I get a sample batch of data from dataloader, I set batch size to 1. The image shape is
1 x 3 x 224 x 224, the label shape is 1 x 7 x 7 x 5. Now I tried to calculate the loss for one image, but i got the nan value, why? I also tried to train the network for whole batch, the loss is still nan.
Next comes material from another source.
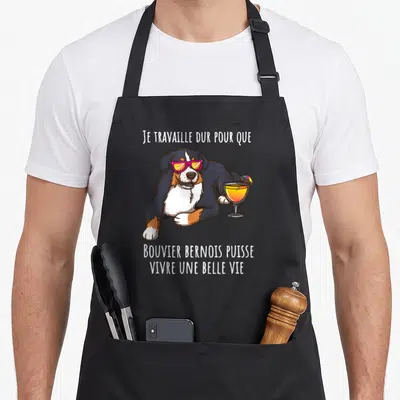 Tablier de cuisine noir avec illustration d'un Bouvier Bernois en lunettes de soleil tenant un verre coloré.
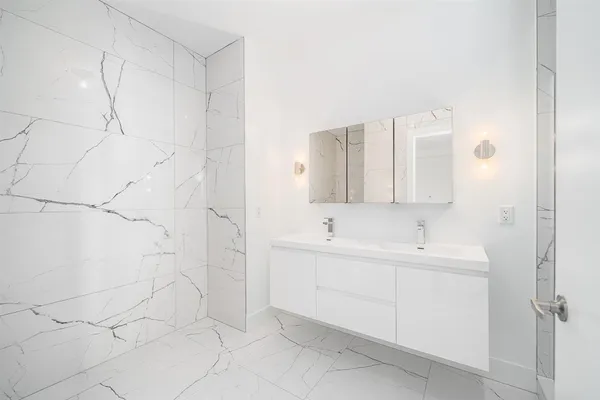 a bathroom with a sink and mirror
Thank you for reading.
face_data = FaceAnnoDataset(root_dir=path, img_dir ='image', anno_dir='label',
txtfile='image.txt', transform=transforms.Compose([
transforms.ToPILImage(),
transforms.Resize((224,224)),
transforms.ToTensor(),
transforms.Normalize([0.2341, 0.2388, 0.2622], [0.2210, 0.2150, 0.2543])])
)
train_loader = DataLoader(face_data, batch_size=1, shuffle=False, pin_memory=True,
num_workers=2, collate_fn=collate_fn)
# get one sample of batch, shape: 1 x 3 x 224 x 224
train_sample = next(iter(train_loader))
image = train_sample[0]
print(image.size())
anno = train_sample[1]
print(anno.size())
model = DetectionNet()
# place model to GPU
model.cuda()
image = image.cuda()
anno = anno.cuda()
y_pred = model(image)
y_pred = y_pred.permute(0,2,3,1)
print(y_pred.size())
loss = loss_fn(y_pred, anno)
print(loss)
output:
torch.Size([1, 3, 224, 224])
torch.Size([1, 7, 7, 5])
torch.Size([1, 7, 7, 5])
tensor(nan, device='cuda:0', grad_fn=<AddBackward0>)
def loss_fn(y_pred, y):
loss = conf_regression_loss(y_pred, y) + bbox_regression_loss(y_pred, y)
return loss
def conf_regression_loss(y_pred, y, lamda=0.5):
'''
y_pred: output of forward propagation, shape: batch x grid x grid x 5
y: ground truth, shape: batch x grid x grid x 5
lamda: parameter of loss function of loss_no_obj, as no_obj cells dominates,
we need to decrease the loss, otherwise no_obj overpowers the loss
return: confidence loss
'''
# get the mask of actived grid cell, in which has an object according to ground
# truth label
mask = y[:,:,:,0] # shape: batch x grid x grid x 1
y_pred_c = y_pred[:,:,:,0]
# if object exits in the cell
loss_obj = torch.sum((mask * y_pred_c - mask)**2) # mask == y_c, here confidence is equavalent to mask
# if object doesn't exit in the cell, we have to decrease
# the loss as number of cells which doesn't contain an object is
# much larger that cells do
# get mask of no object where 1 indicates no object
mask_no_obj = mask.clone()
mask_no_obj[mask==0] = 1
mask_no_obj[mask==1] = 0
loss_no_obj = torch.sum((y_pred_c * mask_no_obj - mask)**2)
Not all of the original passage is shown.